The engineers on hand knew that as much as anyone. Before each countdown, they conducted a flurry of last-minute checks and adjustments----often having to make eleventh-hour cancellations.
Still, not all the dozen or so cardboard and balsa wood spacecraft built by a fifth-grade class shot up as planned.
One rocket was lost when its parachute failed to unfold. It shot off so far that it disappeared into the blue sky. Another simply refused to take off, despite repeated attempts at rewiring. And a third failed to eject streamers to slow its fall. It hit the pavement on its nose and bent like a paper clip.
Sometimes, though, construction faults seemed to cancel each other.
Fifth-graders Justin Blaich, Jessica Rieman, Jon Hodge and Erica Nicksin had few hopes about their creation, the "Bullpup."
"We really thought it would go up crooked because the fins are crooked," Erica said. Moreover, she said, the propellant inside was installed off balance. "We left it in the glue too long and had to pull it out with pliers," she explained.

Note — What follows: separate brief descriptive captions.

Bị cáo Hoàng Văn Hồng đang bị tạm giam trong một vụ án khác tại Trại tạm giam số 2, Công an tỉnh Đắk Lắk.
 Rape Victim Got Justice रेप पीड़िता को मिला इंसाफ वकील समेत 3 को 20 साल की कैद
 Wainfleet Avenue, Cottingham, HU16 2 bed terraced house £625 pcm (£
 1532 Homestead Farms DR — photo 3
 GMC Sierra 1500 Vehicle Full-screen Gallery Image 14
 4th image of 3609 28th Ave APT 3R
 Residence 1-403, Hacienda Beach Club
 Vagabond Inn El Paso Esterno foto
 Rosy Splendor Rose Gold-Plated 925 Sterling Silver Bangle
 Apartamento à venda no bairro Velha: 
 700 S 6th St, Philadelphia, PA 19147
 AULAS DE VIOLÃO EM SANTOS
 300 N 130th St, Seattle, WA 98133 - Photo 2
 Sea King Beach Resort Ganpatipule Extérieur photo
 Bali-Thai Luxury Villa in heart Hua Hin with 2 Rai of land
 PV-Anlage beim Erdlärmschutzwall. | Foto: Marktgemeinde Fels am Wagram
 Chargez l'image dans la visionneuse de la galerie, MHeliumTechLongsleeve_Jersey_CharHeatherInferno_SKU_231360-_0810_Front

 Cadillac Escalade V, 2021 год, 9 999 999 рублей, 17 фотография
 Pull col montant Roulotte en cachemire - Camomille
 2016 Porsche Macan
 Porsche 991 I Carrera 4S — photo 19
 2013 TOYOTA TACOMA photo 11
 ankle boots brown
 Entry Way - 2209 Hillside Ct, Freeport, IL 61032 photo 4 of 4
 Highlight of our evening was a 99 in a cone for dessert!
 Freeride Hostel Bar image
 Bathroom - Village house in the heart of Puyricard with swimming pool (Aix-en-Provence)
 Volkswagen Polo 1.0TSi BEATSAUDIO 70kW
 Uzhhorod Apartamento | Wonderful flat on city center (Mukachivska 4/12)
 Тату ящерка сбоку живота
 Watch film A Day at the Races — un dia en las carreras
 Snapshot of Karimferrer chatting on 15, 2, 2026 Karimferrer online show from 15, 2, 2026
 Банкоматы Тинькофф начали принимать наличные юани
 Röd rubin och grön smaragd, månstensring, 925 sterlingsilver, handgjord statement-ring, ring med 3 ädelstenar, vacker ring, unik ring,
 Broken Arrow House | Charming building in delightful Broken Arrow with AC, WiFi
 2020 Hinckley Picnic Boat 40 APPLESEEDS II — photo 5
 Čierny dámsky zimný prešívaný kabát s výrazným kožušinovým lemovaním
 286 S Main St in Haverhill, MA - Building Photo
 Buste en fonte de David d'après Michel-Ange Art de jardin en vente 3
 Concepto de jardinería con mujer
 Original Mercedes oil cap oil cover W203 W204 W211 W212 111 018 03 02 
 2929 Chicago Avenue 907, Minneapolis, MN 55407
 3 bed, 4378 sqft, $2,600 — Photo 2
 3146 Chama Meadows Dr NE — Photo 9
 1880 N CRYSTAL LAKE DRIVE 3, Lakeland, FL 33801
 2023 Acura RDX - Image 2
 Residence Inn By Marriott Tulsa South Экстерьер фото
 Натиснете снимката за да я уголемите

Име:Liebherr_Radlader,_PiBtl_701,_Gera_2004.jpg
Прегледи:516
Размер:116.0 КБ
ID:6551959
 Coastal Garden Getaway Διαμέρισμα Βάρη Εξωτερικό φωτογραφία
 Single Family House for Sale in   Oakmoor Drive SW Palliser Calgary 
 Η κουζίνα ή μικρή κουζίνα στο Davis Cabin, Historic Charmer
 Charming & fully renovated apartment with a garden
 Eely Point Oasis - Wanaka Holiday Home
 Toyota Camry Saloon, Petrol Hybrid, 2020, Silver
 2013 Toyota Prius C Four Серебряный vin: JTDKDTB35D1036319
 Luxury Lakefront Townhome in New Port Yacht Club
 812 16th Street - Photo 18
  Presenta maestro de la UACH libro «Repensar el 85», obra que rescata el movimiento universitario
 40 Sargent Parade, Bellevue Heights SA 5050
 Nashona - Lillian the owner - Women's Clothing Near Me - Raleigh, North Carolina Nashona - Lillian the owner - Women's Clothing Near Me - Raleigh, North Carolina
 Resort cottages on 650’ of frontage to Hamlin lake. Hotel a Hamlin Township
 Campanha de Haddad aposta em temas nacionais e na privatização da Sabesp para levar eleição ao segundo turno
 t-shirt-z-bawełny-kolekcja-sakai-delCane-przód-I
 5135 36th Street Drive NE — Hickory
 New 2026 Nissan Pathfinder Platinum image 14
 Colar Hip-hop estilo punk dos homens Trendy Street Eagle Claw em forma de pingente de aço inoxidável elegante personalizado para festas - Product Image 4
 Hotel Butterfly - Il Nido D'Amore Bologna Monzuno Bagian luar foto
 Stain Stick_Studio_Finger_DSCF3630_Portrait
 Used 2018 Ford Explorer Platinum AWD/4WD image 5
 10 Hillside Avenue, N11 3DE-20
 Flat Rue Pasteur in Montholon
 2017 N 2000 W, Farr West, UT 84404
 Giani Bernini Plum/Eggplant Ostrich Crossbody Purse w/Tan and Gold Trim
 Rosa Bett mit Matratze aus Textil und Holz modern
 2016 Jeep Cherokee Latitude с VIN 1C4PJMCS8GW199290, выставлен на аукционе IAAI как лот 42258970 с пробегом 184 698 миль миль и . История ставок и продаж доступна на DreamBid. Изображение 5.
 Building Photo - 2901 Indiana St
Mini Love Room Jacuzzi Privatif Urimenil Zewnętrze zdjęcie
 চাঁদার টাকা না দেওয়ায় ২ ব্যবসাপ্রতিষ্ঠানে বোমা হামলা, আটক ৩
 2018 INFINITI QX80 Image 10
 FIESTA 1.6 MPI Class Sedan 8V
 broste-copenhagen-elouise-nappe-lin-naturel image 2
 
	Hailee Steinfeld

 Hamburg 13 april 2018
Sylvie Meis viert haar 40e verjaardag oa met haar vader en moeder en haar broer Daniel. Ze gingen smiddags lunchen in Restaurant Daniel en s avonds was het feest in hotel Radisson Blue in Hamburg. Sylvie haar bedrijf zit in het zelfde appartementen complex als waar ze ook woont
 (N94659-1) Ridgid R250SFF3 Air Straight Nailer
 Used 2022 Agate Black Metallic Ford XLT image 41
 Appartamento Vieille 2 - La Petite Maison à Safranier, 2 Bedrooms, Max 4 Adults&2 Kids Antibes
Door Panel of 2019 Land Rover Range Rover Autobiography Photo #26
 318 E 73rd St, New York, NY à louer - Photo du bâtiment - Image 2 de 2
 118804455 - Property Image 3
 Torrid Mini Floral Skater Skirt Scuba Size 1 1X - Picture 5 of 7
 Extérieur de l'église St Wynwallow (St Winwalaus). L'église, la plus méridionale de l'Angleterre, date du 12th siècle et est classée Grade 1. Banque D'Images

Instead, the rocket popped straight up in the air, then sailed gracefully back down to the same spot--to the cheers of classmates and the astonishment of its creators.
Students at the school first began building and launching model rockets last year using PTA money to buy the rocket kits, said Lee Michaels, fifth-grade magnet teacher.
This year, the program was incorporated with Rocketdyne's "Discover E" educational program. The firm provides model kits and engineers to teach children.
Michaels said rocketry is part of the fifth-graders' science curriculum which emphasizes hands-on projects. For the engineers, the program offers a break from the office, said Rocketdyne volunteer instructor Michael Saenz.
"Most of us did this as kids," Saenz said. "It's like reliving childhood."